Hoje ela era dona do mundo. Não, ainda melhor. Hoje, ela era dona de si.
Arrumou o cabelo,  encheu sua garrafa d’água e marchou para a aula de jump.
Toda sexta-feira à noite, há meses, ela fazia essa aula como uma válvula de escape para sua semana - tendo sido boa ou não. Toda sexta à noite ela se acabava na aula, voltava pra casa exausta e suada, mas também frustrada.
As outras mulheres eram todas, sem exceção (como quase todas naquele seu bairro), brancas, altas e magras. Eram Barbies. E eram malignas, porque mesmo sem dizer palavra, faziam Júlia se sentir pequena e inválida.
É, a Júlia. A primeira diretora mulher de sua empresa. A que a maioria respeitava e admirava. A que era usada como exemplo para os programas de líderes mulheres e também inclusão social. Mesmo assim… Ali, naquela aula, ela não conseguia deixar de se sentir como uma ninguém, uma pequena, feia e gorda menininha.
     - Não! Hoje não! - ela sussurrou a si mesma antes de entrar na sala, onde as Barbies já ocupavam toda a primeira fila, todas de top e shorts bem curtos.

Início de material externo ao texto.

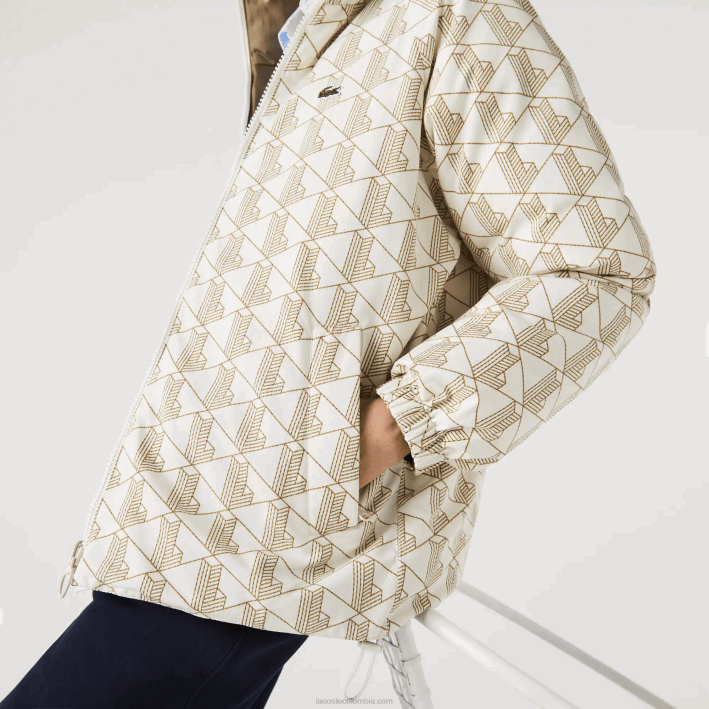 hombres Lacoste 6F241225 beige blanco 7dx chaqueta reversible repelente al agua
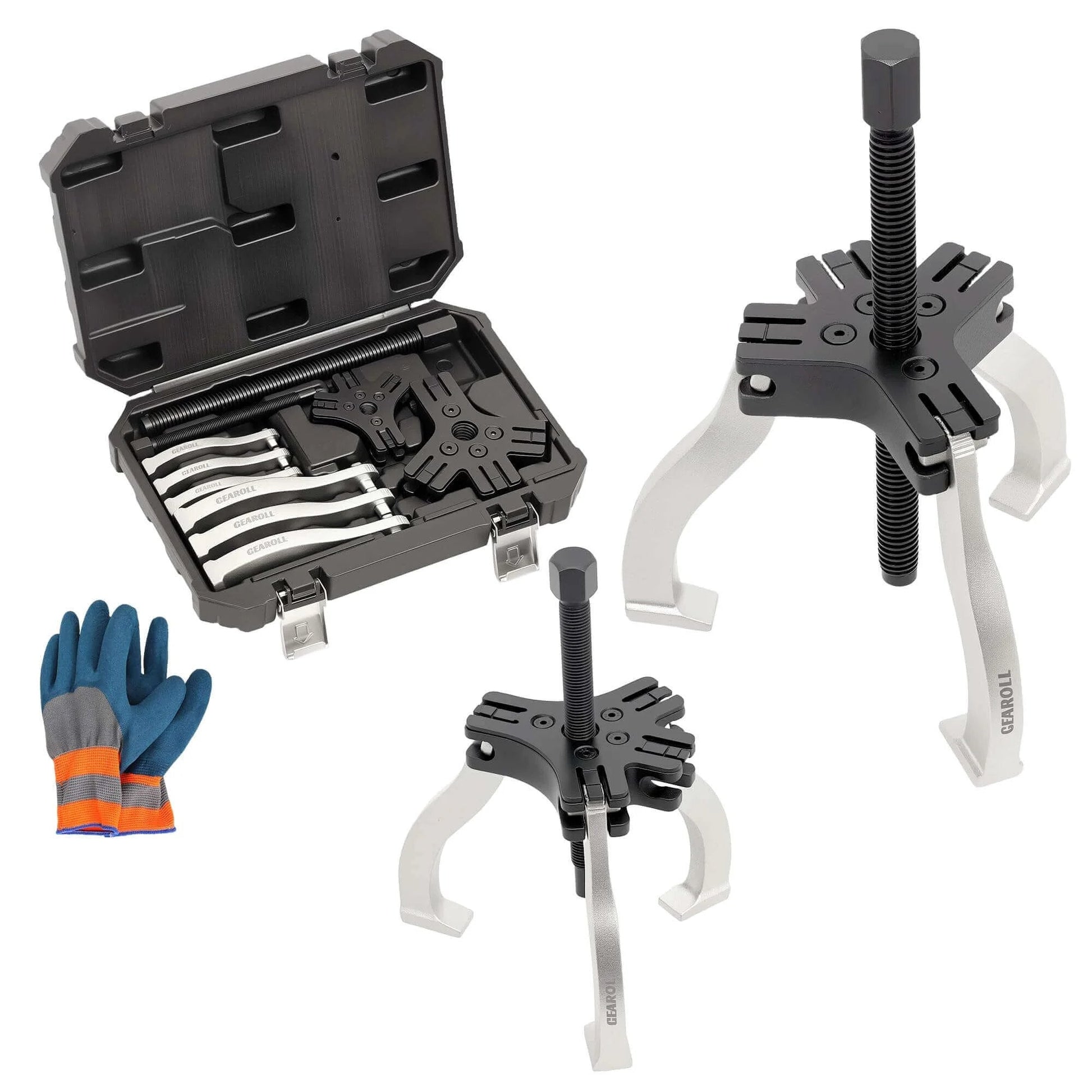 Gear Puller Set, 3" and 7" Puller Kit, 3 Jaw Gear Bearing Flywheel Pulley Removal Tool with reversible jaws and carrying case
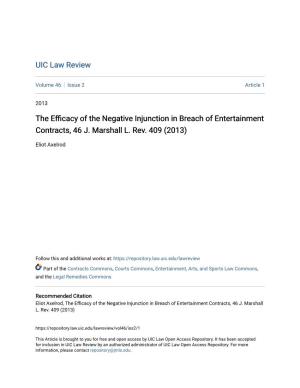 The Efficacy of the Negative Injunction in Breach of Entertainment Contracts, 46 J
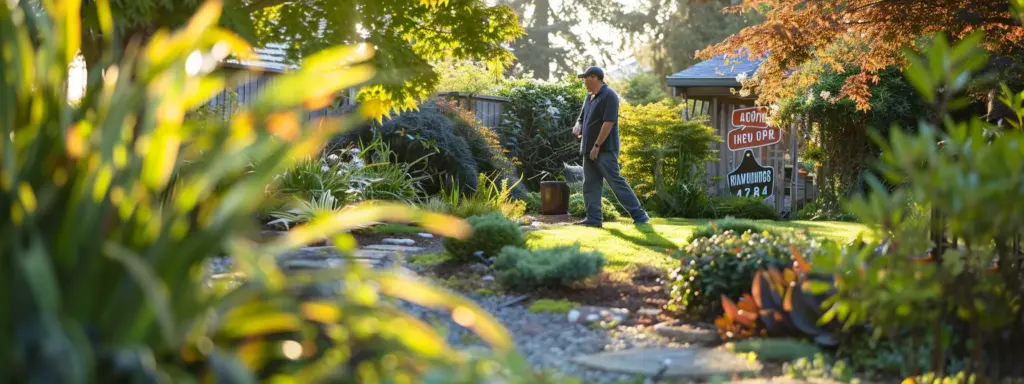 a landscaper standing next to a beautifully manicured garden with a sign promoting local seo services.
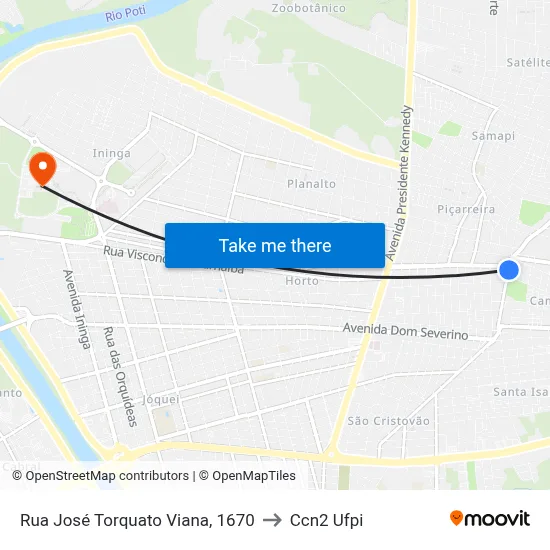 Rua José Torquato Viana, 1670 to Ccn2 Ufpi map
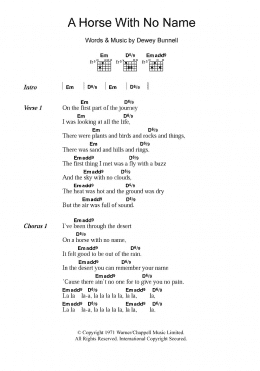 page one of A Horse With No Name (Guitar Chords/Lyrics)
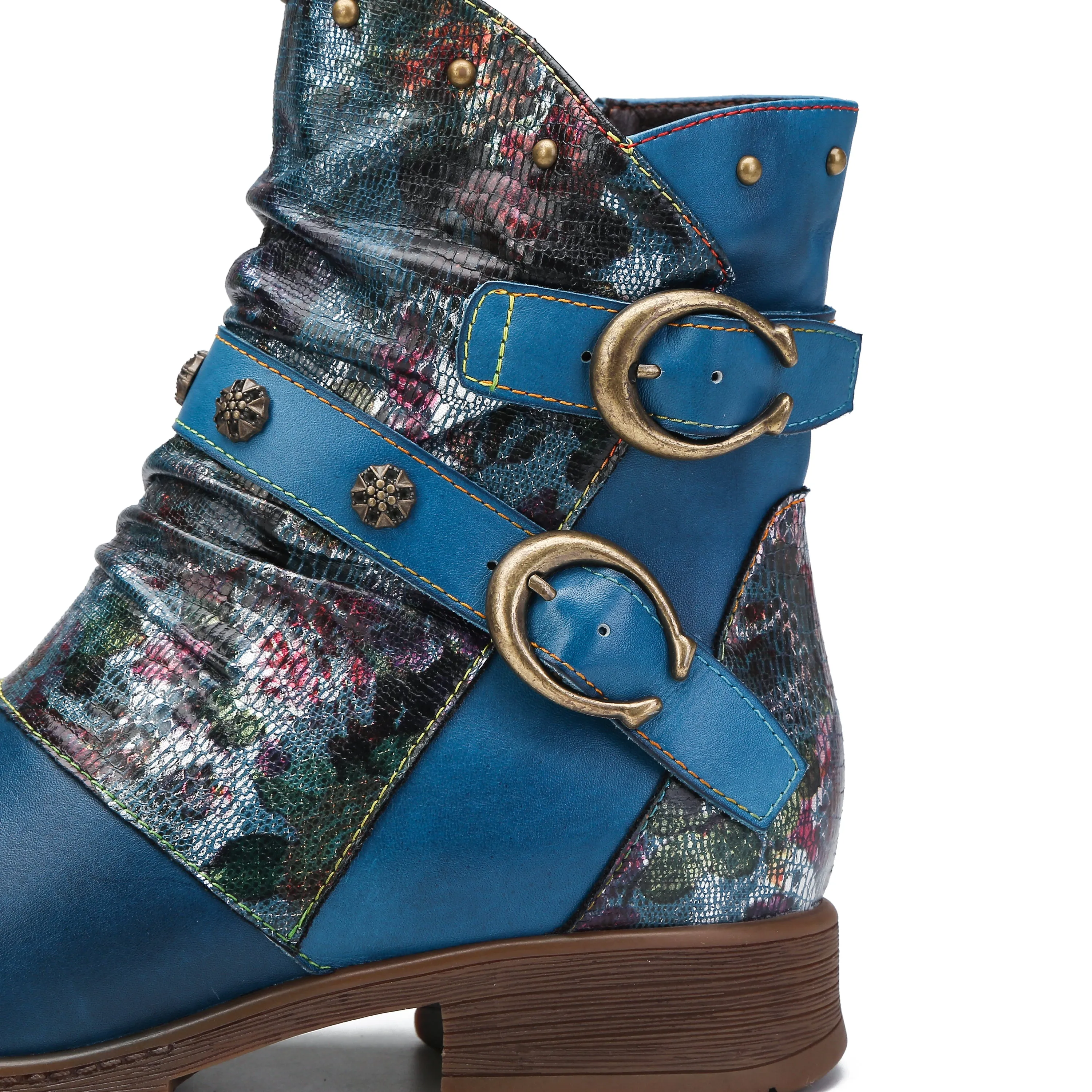 CrazycatZ Womens  Boots Bohemian Block Heels Leather Western Boots Colorful Leather Ankle Boots Blue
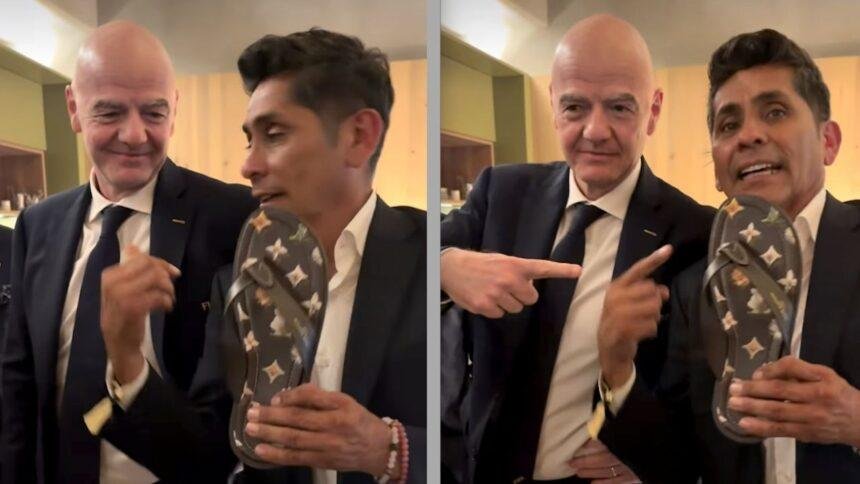gianni infantino obsequia chanclas de lujo a jorge campos gracias Gianni Infantino obsequia chanclas de lujo a Jorge Campos: “Gracias, presi”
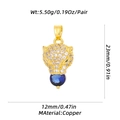 Detailed view of a gold-plated leopard head pendant with crystals and copper material specs - Leopard Head Blue Gem Blue Style (XL-356-Blue) / Pendant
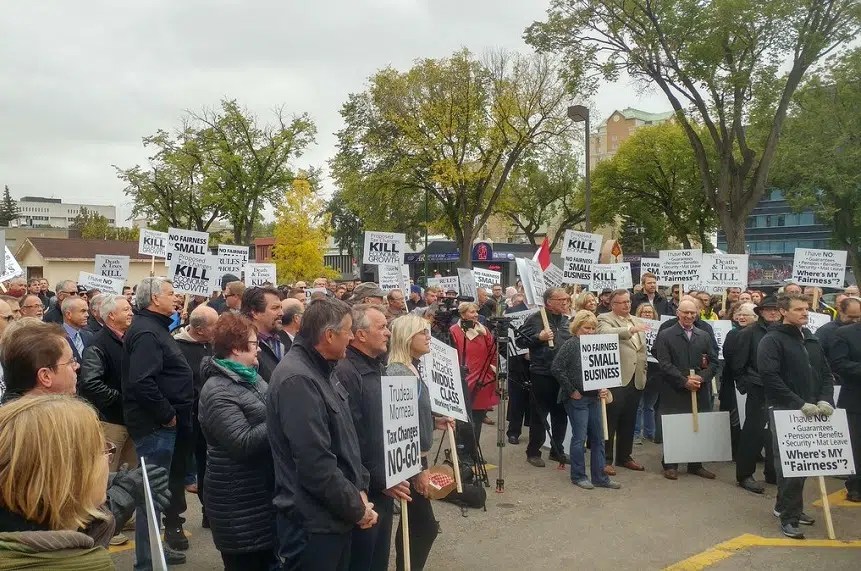 Small business protest draws hundreds opposing tax changes 650 CKOM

Determinada,  entrou na sala, se colocou em posição e, em vez de se colocar de frente, olhando diretamente para a professora, se virou de lado, olhando no espelho lateral, onde conseguia focar somente em si mesma. Olhando no fundo de seus olhos.
As outras a acharam meio estranha, mas não tinham nada a ver com isso. Não tinham motivo para falar com ela mesmo, então ficaram quietas.
A música começou.
A professora iniciou a rotina com movimentos já conhecidos. Júlia seguiu, ouvindo, sem tirar os olhos de si mesma.
E então, finalmente, depois de meses se oprimindo e terminando suas semanas encolhida num poço escuro de auto-questionamento, tristeza e frustração, mesmo tentando racionalmente se provar que aquilo não deveria lhe impactar tanto… Depois de tanto duvidar de si mesma, de chorar se olhando ao espelho, de desacreditar qualquer um que dissesse que a admirava e que ela era incrível… Depois de tanta agonia, enquanto a música aumentava, Júlia gritou. Gritou e deixou escorrerem lágrimas quentes, mas felizes, enquanto finalmente tirava a blusa.
     - Hoje não!!!! - seu grito abafado sob a música alta e os whoop whoop das Barbies.
Finalmente, depois de todos aqueles meses naquela aula - e todos aqueles anos naquele corpo - ela viu sua barriga à mostra enquanto pulava na mini cama elástica. Sorria e chorava ao mesmo tempo, sem se importar com quem a olhasse.

Antes de ir pra casa, passou num mercado e comprou suas guloseimas favoritas: pizza, sorvete, chocolate e vinho.
Ah, pegou também um chocolate e um cartão. Deixaria na mesa de Ana na segunda-feira de manhã.